● **Instructions to follow**:
Starting at the first line of the entries, extract each line up to and including the one that contains "Hey what's up", but leave out the pictures.

---- Data records

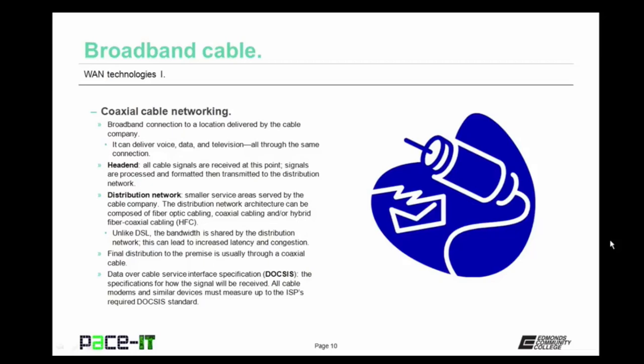The distribution network is a smaller service area served by the cable company. The distribution network architecture can be composed of fiber optic cabling, coaxial cabling, or a hybrid fiber coaxial cabling — HFC. Unlike DSL, the bandwidth of the distribution network is shared by all who connect to it, which can lead to increased latency and congestion during busy times. The final distribution to the premise is usually through a coaxial cable. All cable modems must measure up to the ISP's required DOCSIS specification. If it doesn't measure up, you won't achieve the speeds you expect.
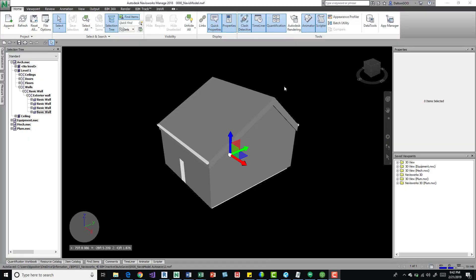Hey what's up guys, I want to talk about the appearance profiler, how to use it and a few things on managing it. So real quick we have Navis 18. I think you can use this in Manage. I think you can use Simulate, you'll be fine. Freedom I don't think so.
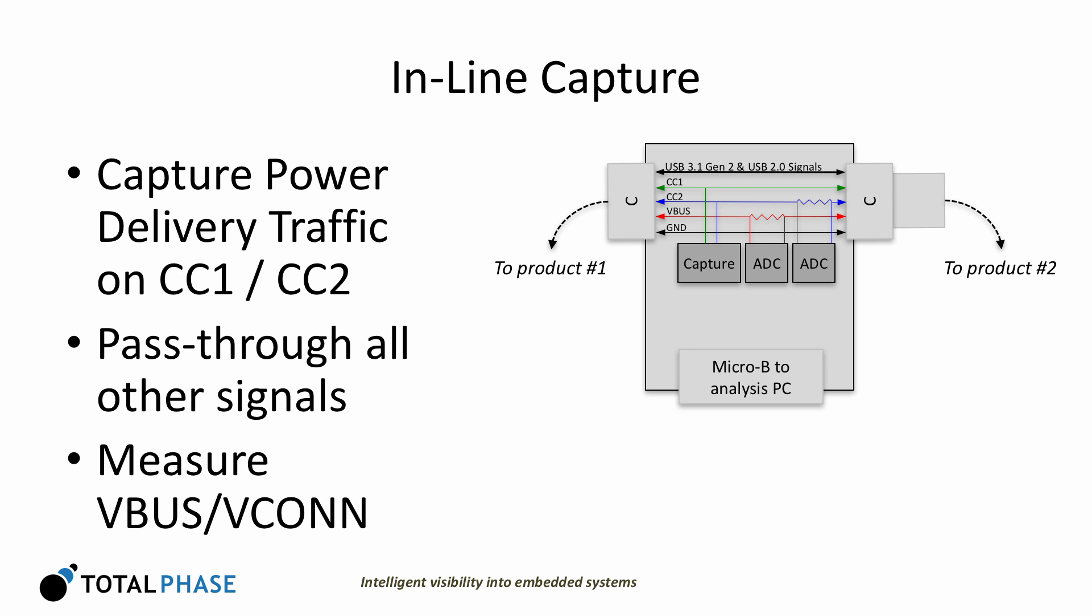The TotalPhase USB Power Delivery Analyzer connects inline between two Type-C products. It unobtrusively captures all power delivery communication between them. Both the CC1 and CC2 signals are captured, and all other USB 3.1 Gen2 or USB 2.0 signals are passed through. This enables you to easily capture the details of PD negotiation for power, USB data rolls, DisplayPort, or other Type-C alternative modes.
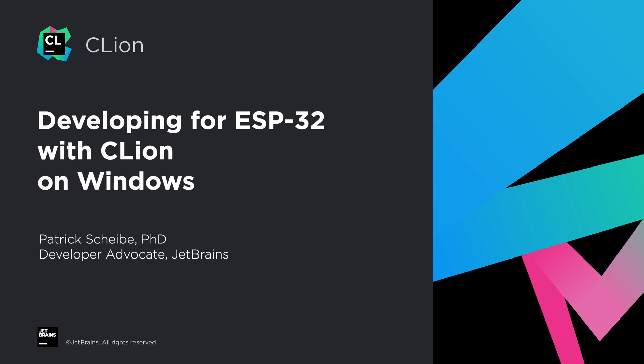This video will show you how you can set up a project for ESP32 boards in CLion on Windows. We'll go through the whole process of setting up the ESP32 development framework and configuring and running a sample project.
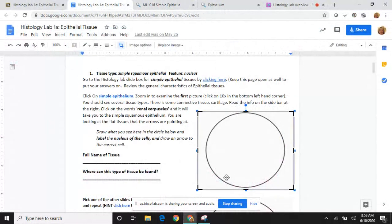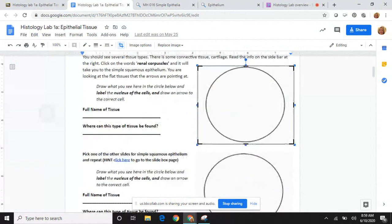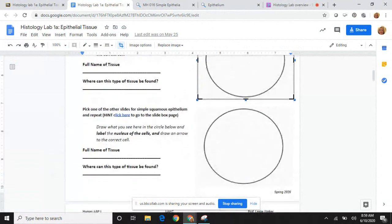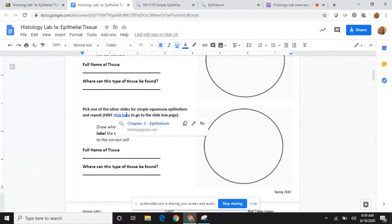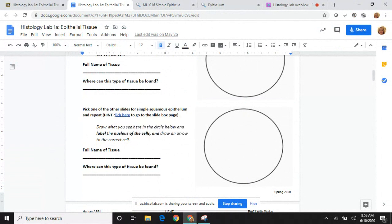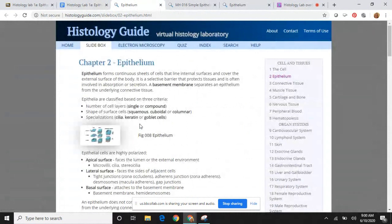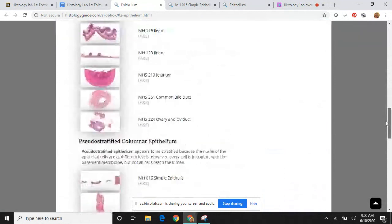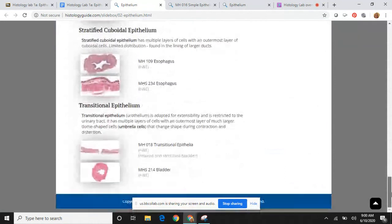What you're going to do then is draw that view in the box on your worksheet. You're going to draw the features I talk to you about, and then there are some questions for you to answer. You go along and follow more directions — I give you direct links to where I tell you to go, like picking another slide for simple squamous epithelium and trying it again. I also tell you to do some quizzes, which are not for credit but are really for your benefit. You really need to do these.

--------

● **Exercise response**:
The distribution network is a smaller service area served by the cable company. The distribution network architecture can be composed of fiber optic cabling, coaxial cabling, or a hybrid fiber coaxial cabling — HFC. Unlike DSL, the bandwidth of the distribution network is shared by all who connect to it, which can lead to increased latency and congestion during busy times. The final distribution to the premise is usually through a coaxial cable. All cable modems must measure up to the ISP's required DOCSIS specification. If it doesn't measure up, you won't achieve the speeds you expect.
Hey what's up guys, I want to talk about the appearance profiler, how to use it and a few things on managing it. So real quick we have Navis 18. I think you can use this in Manage. I think you can use Simulate, you'll be fine. Freedom I don't think so.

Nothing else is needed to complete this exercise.